If we take these as exemplars of the more sexually egalitarian wings of the socialist and liberal traditions, it is evident that both traditions can generate a commitment to sexual equality. Whatever the historical errors or theoretical failings in Engels’s Origin of the Family, Private Property and the State (published in 1884), no one reading his analysis of male domination and female subjugation can doubt the importance he attached to achieving equality between women and men. And while the popularity of Bebel’s Women and Socialism owed more to its much-needed vision of the future socialist society than to its specific arguments on women, the book did go through more than fifty editions by the time of his death in 1913 to become one of the most widely read texts in the German socialist movement. John Stuart Mill’s writings on sexual equality attracted less contemporary attention than his other works on political theory or political economy, but his consistent backing for most of the central campaigns of nineteenth-century feminism helped secure a close relationship between liberalism and first wave feminism. Neither the socialist nor the liberal tradition has proved itself a strong or consistent supporter of sexual equality; but both can make some claim to being its “natural home.”

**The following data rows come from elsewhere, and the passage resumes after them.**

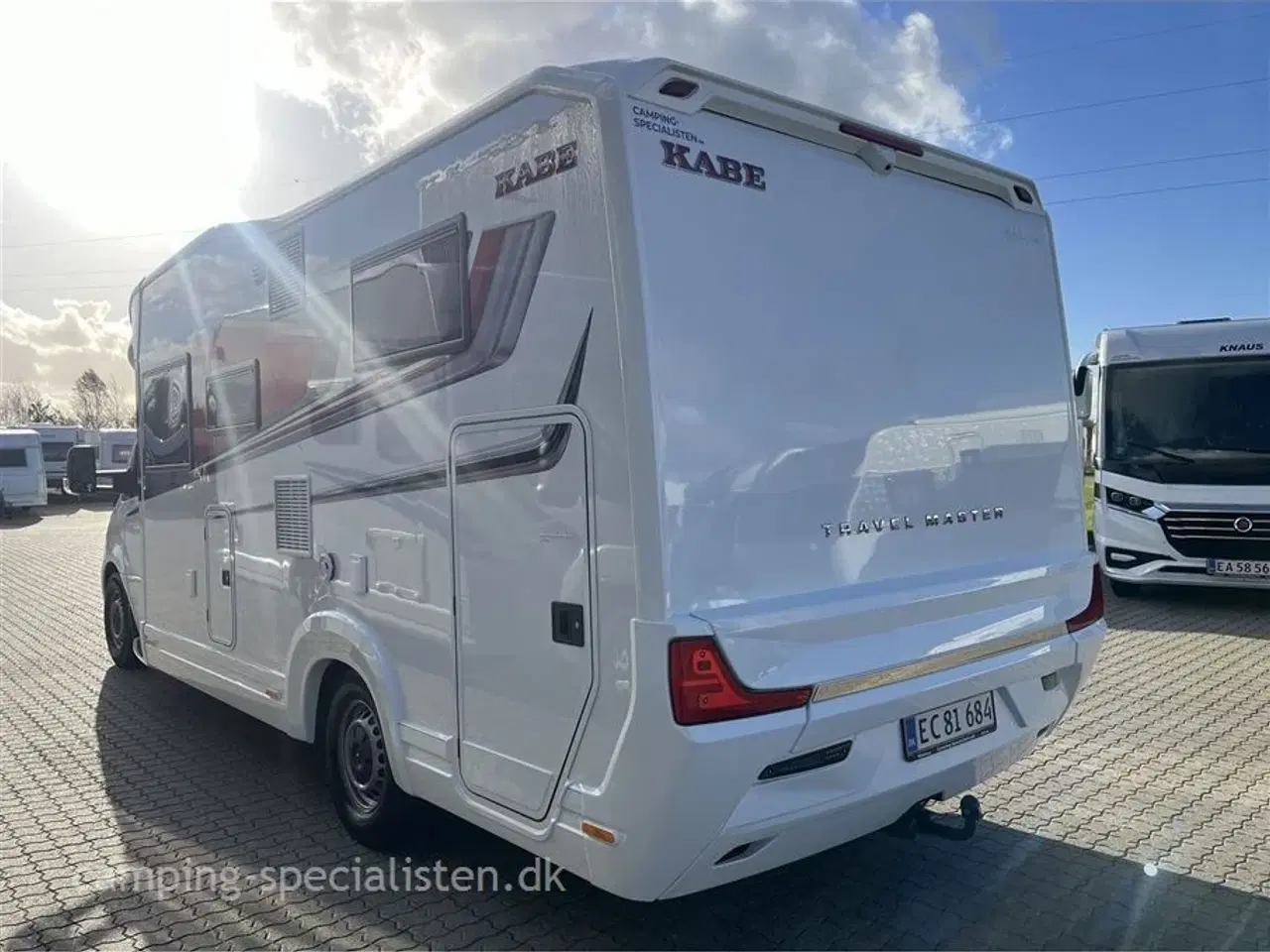 Billede 3 - 2024 - Kabe Novum X 750 LGB   Kabe Novum 750 delintegreret autocamper model 2024 nu på Mercedes Light Chassis bemærk vægt 3069 kg kan ses hos Camping-Specialisten.dk i Silkeborg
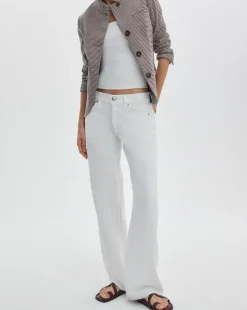 Cam Relaxed Straight Jean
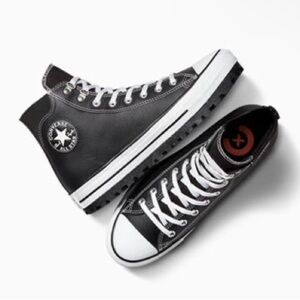 Chuck Taylor All Star City Trek Waterproof Boot size 5.5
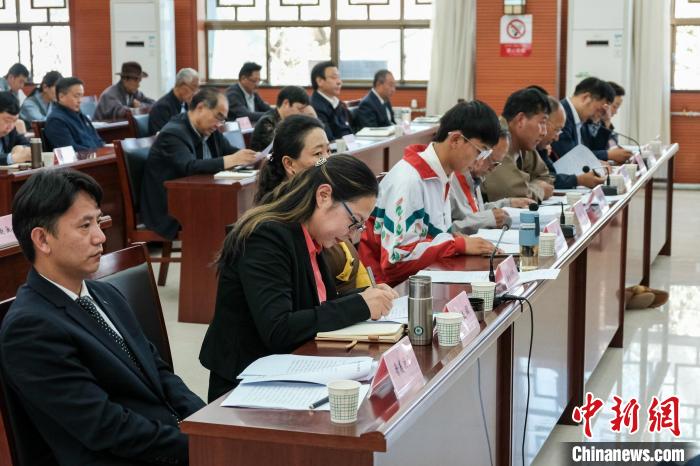 圖為8月10日座談會現(xiàn)場，左一為歸國定居藏胞晉美次旦?！〗w波 攝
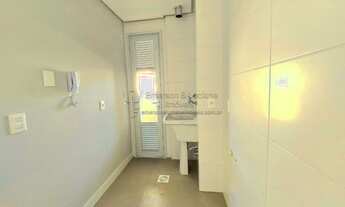 Imagem 4: Apartamento com 2 suítes, 2 vagas individuais, andar alto e churrasqueira na sacada, no It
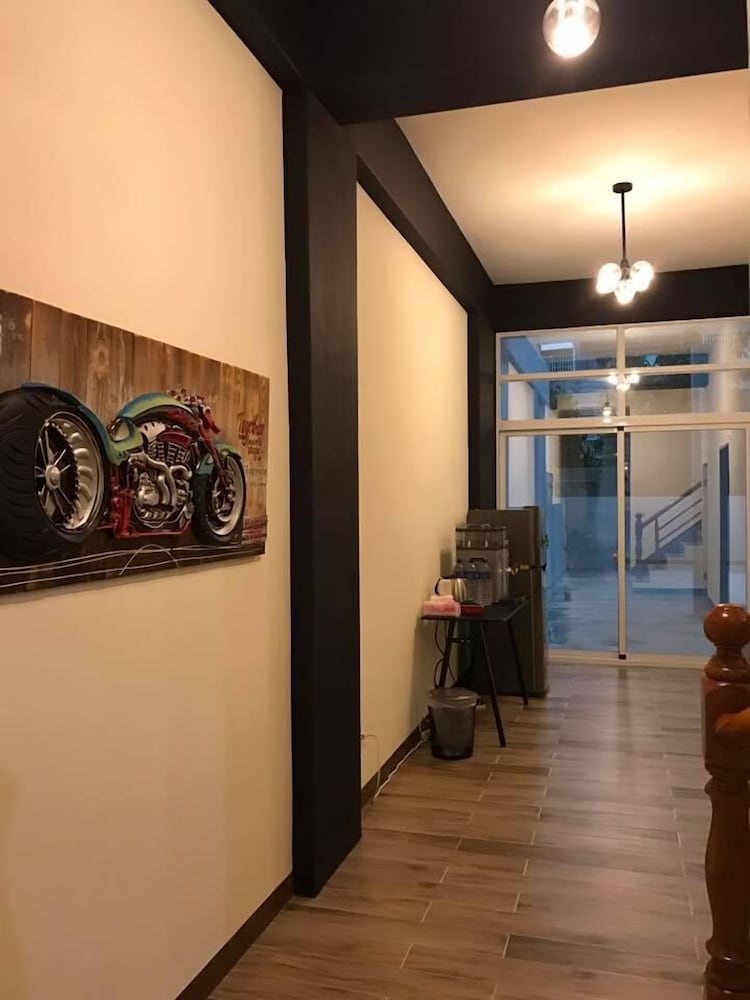 Black House photo3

IF THERE is any basis for feminism claiming a special affinity with socialism, it lies in the socialist critique of privacy, and the way this alerted socialists to the peculiar constraints of the domestic sphere. Liberals were far more likely to defend private spaces against public regulation, and much less likely to regard the household as a place of confinement. Even allowing for John Stuart Mill’s strong condemnation of marital slavery, this view of privacy made liberals more inclined to accept some version of “separate spheres.” Socialists, by contrast, tended to distrust privacy as inherently individualistic and limiting, and in their celebration of collective activity and socialized production, they were considerably more disparaging of domestic life. For many, this simply spilled over into a disdain for women. For the minority, however, who bothered to address the so-called “Woman Question,” it generated more consistent support for women’s entry into the labor market than yet figured in the liberal tradition, as well as more imaginative proposals for transforming the conditions under which domestic work was carried out. The difference between the two traditions has sometimes been theorized as a difference between pursuing equality of opportunities and achieving equality of outcomes: liberalism typically focusing on removing legal constraints to free up equality of opportunities; socialism typically addressing the structural conditions that are necessary to substantial equality. But in its origins, at least, the difference stems as much from the liberal defense of private spaces and the socialist critique of private confinement.
Though the latter offered a basis for allying feminism to the socialist tradition, most of those active in the earlier feminist campaigns found a more congenial home within the liberal camp. Legal constraints and prohibitions were a particularly pressing concern through the late nineteenth century and early twentieth centuries; and while few liberals showed any great enthusiasm for women’s emancipation, those who did gave active support to feminist campaigns. Socialists, meanwhile, tended to play the class card to trump any excessive preoccupation with sexual equality. When Selina Cooper, for example, argued the case for women’s suffrage at the 1905 Labour Party Conference, Harry Quelch of the (Marxist) Social Democratic Federation announced that “Mrs. Cooper has placed sex first . . . we have to put Labour first in every case.” In the hierarchy of socialist concerns, sexual equality usually came low on the list.
‘Second Wave’ Feminism
A rather different pattern emerged in the early years of the contemporary women’s movement, when feminists found themselves more closely attuned to the socialist than the liberal tradition. Debates through the 1970s were often ordered through a three-way split among liberal, socialist, and radical feminists and, in Britain, far more than in the United States, the overwhelming majority placed themselves in the second or third camp. Previous campaigns had removed many of the more overt legal inequalities, thereby reducing some of the attractions of liberal feminism. But the connections that were made with socialism were also specific to the historical moment, for they reflected a wider political context in which socialism had come to set the terms for radical social critique. Many of the early activists came from a prior involvement in left politics, and even in distancing themselves from socialism, feminists often reproduced its analytical traditions. One of the key texts in the development of a radical (that is, nonsocialist) feminism was Shulamith Firestone’s Dialectic of Sex, but Firestone employed a Marxist terminology to identify women as a distinct “sex-class.”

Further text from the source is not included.